## Instructions for the task
In the records below, find the line with "شقة للإيجار في" and repeat exactly every line from it through the line with "Property photo 2 of 25". Pictures stay out.

## Available data

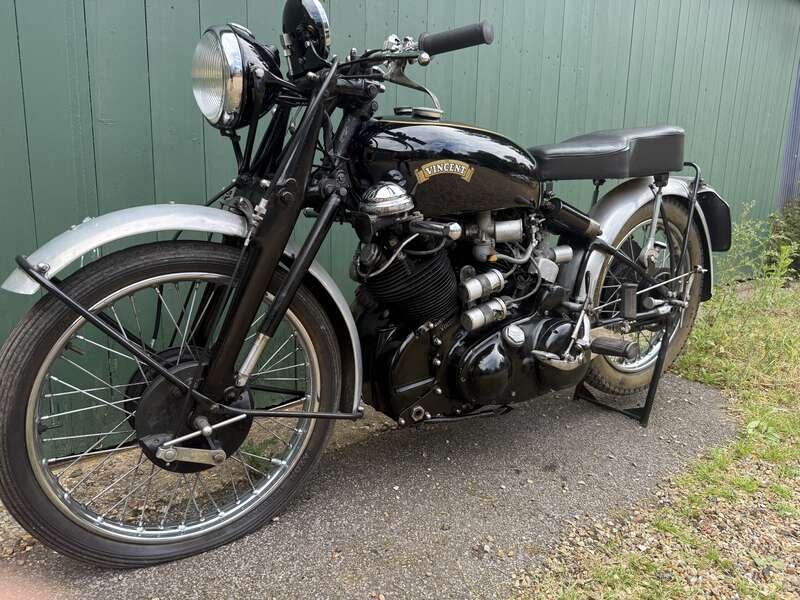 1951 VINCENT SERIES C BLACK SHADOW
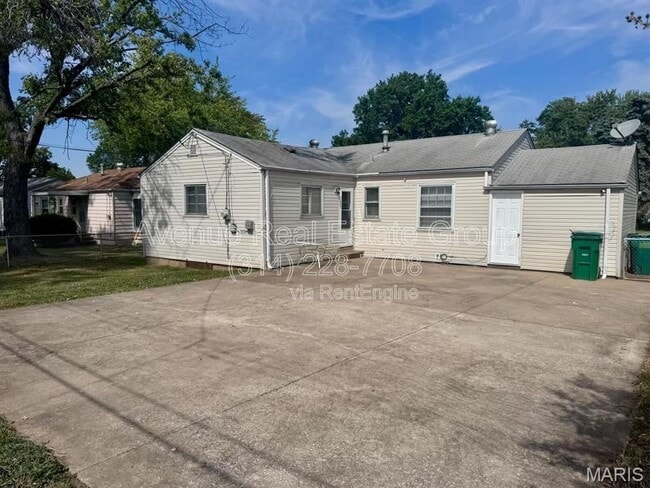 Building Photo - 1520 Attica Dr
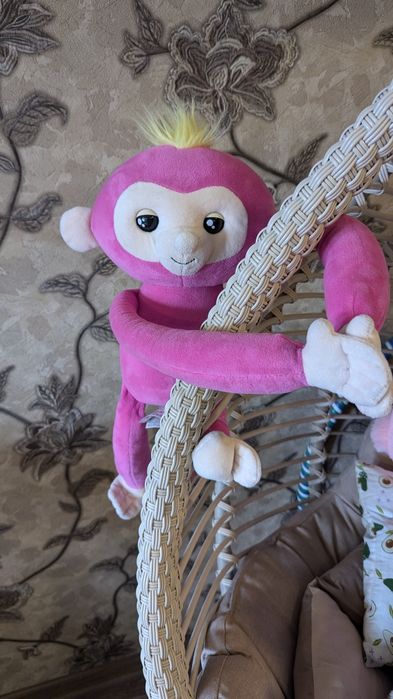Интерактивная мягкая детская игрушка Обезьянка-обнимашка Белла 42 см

--

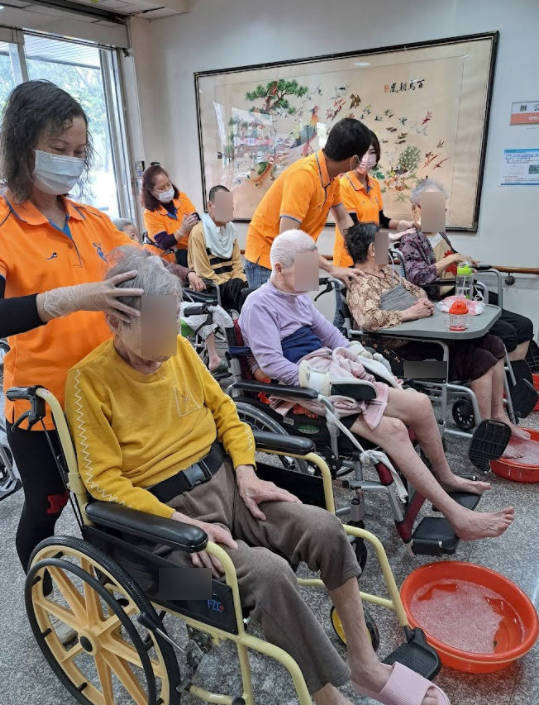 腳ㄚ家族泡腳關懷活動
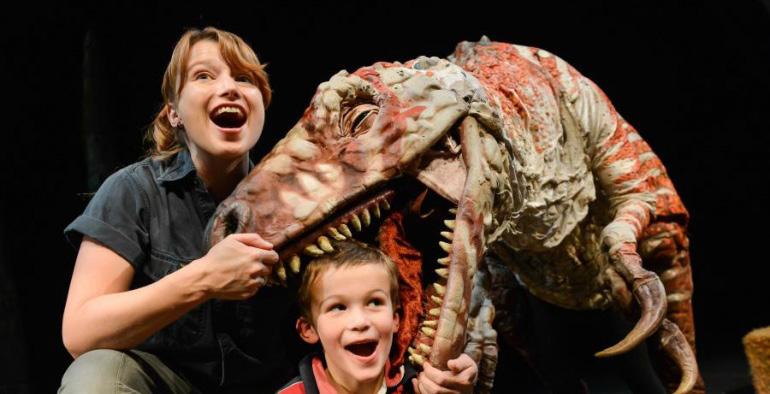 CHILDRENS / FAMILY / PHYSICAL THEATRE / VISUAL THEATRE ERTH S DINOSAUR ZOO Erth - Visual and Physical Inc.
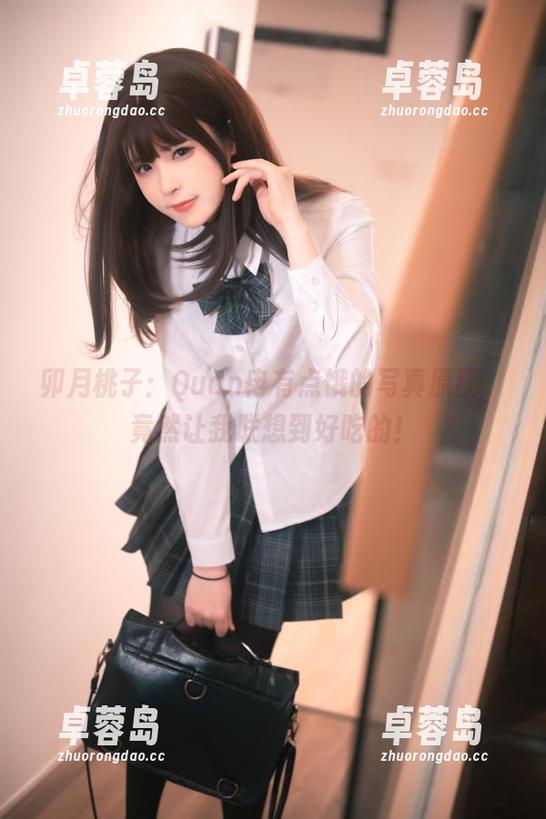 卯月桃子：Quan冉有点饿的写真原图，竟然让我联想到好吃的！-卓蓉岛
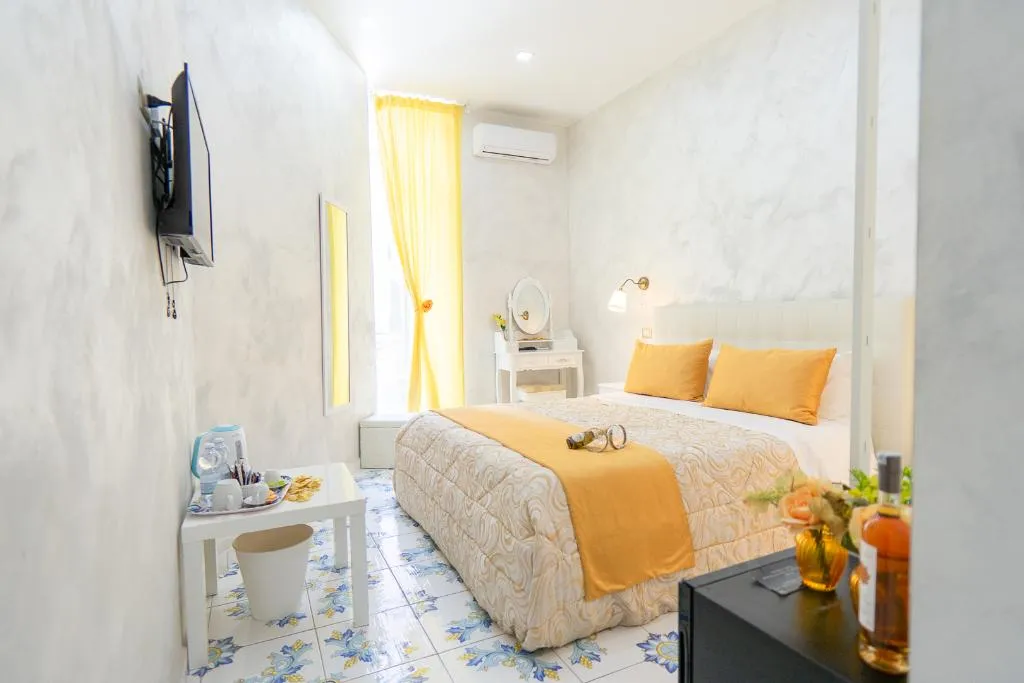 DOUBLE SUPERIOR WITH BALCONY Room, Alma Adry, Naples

...

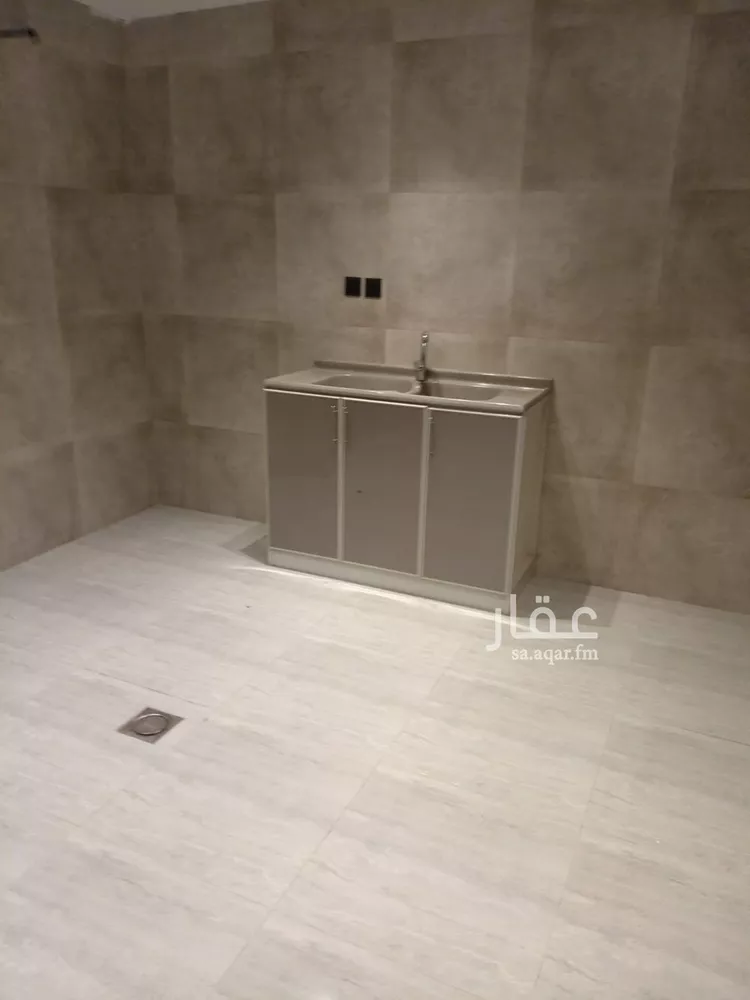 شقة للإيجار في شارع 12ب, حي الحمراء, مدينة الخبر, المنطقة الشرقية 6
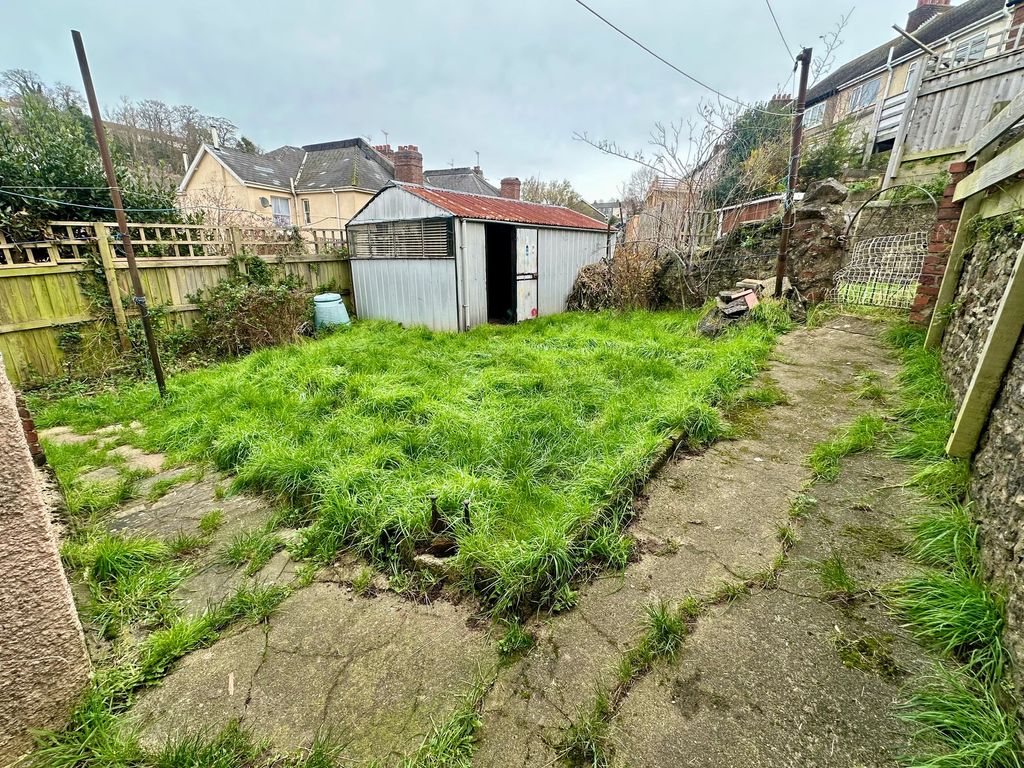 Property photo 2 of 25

## Exercise result
 شقة للإيجار في شارع 12ب, حي الحمراء, مدينة الخبر, المنطقة الشرقية 6
 Property photo 2 of 25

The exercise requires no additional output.